Restic copy: How does it work?

Den · December 23, 2020, 1:52pm

Can someone explain to me what API requests happen when copying snapshots from repo A to repo B? Specifically, I’m wondering if any delete/read operations are needed on repo B. Of course, we need to read from repo A in order to copy, but what about repo B?

I ask this because I’m thinking of setting up a system where I use restic copy to copy snapshots to a remote repo stored on Glacier or Coldline (via rclone backend). Both of these backends have early deletion fees, and I think Glacier has low availability–therefore I need to know if any downloads/deletes occur wrt repo B.

Thanks! Also I would like to say thanks to all the restic devs. I’ve used restic for some time now and it has worked perfectly!!! Just looking for new ways to improve my backup system.

MichaelEischer · December 23, 2020, 8:09pm

copy will only add data to a repository but won’t delete anything. It basically works as follows: restic loads the repository index for both the source and target repository. The index is usually stored in the local cache, so as long as the index for the target repository is already cached there’s no need to download it from that repository. Afterwards restic loads all snapshots from both repositories and determines which snapshots are missing in the target repository (snapshots are also cached locally). For these missing snapshots it will read the directory metadata and copy that along with missing file chunks to the target repository.

To access all snapshots and indexes restic also first has to request a list of snapshots and indexes.

How do you intend to restore the repository stored on Glacier? There’s currently no support to easily determine which files would be necessary to restore a certain snapshot. Although there is some experimental PR to help with cold-storage usage.

Den · December 24, 2020, 3:39pm

Thanks for the reply. This is very informative!

My original intention was to use Glacier as a final disaster scenario. If all my other backups fail, I will pay the price to download all my data to S3 and restore from there. However, it seems my solution does not work because running restic prune and restic check will be difficult. Perhaps it’s fine for me to never prune or check as this is just a final disaster scenario. Or as an alternative I can run check on the local repo A before running copy to repo B–but I don’t think this is the same thing as there can be corruption in repo B that is not caught.

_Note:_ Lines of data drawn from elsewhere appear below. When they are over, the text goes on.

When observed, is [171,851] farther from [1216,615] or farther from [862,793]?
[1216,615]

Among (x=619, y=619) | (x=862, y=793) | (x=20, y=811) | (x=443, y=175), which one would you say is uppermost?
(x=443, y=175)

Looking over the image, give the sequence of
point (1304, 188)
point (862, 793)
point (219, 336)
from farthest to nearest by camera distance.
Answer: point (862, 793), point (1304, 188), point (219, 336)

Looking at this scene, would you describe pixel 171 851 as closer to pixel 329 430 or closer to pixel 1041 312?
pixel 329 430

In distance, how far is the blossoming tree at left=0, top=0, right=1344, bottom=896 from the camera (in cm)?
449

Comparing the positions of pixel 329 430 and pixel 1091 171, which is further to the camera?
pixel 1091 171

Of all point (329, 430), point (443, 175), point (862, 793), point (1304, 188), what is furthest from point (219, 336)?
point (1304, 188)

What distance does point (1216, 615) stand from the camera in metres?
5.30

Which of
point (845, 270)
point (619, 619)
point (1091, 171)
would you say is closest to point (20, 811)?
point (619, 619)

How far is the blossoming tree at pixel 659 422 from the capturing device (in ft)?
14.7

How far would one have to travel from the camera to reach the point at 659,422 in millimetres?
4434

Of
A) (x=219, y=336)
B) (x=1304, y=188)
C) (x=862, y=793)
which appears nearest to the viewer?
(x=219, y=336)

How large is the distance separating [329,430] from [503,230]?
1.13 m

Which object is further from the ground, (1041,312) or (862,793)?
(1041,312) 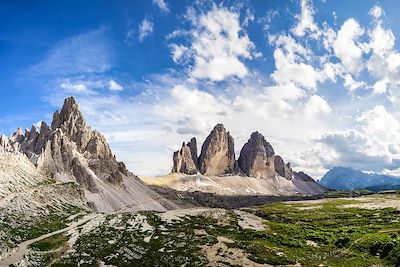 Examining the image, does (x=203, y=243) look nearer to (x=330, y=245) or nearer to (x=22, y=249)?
(x=330, y=245)

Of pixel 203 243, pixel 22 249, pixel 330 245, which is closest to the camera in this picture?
pixel 330 245

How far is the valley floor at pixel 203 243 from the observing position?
62.7m

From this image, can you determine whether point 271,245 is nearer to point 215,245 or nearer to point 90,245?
point 215,245

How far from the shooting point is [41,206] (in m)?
113

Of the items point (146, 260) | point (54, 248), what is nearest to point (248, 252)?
point (146, 260)

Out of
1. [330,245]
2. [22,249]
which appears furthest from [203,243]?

Can you share the links to the PRs that will help with cold-storage? Also, if you have any other suggestions for another backup location, I would love to hear it. I currently use B2 but looking for another cheap vendor to have another backup. Thanks.

cdhowie · December 24, 2020, 3:52pm

Consider using Backblaze B2 instead. Compared to the S3 Glacier tier, B2 only costs $0.001 more per GB-month, but costs only $0.01 per GB egress (compared to AWS standard $0.09 per GB egress, plus Glacier restore fees).

S3 Glacier Deep Archive is $0.00099 per GB-month, which is about 1/5 the cost of B2 for storage, but egress fees are still high.

I put together an analysis of the cost here, and it depends how often you need to restore which will be cheaper – but the huge caveat to S3 Glacier/GDA tiers (as you point out) is that you can’t do regular repository maintenance operations.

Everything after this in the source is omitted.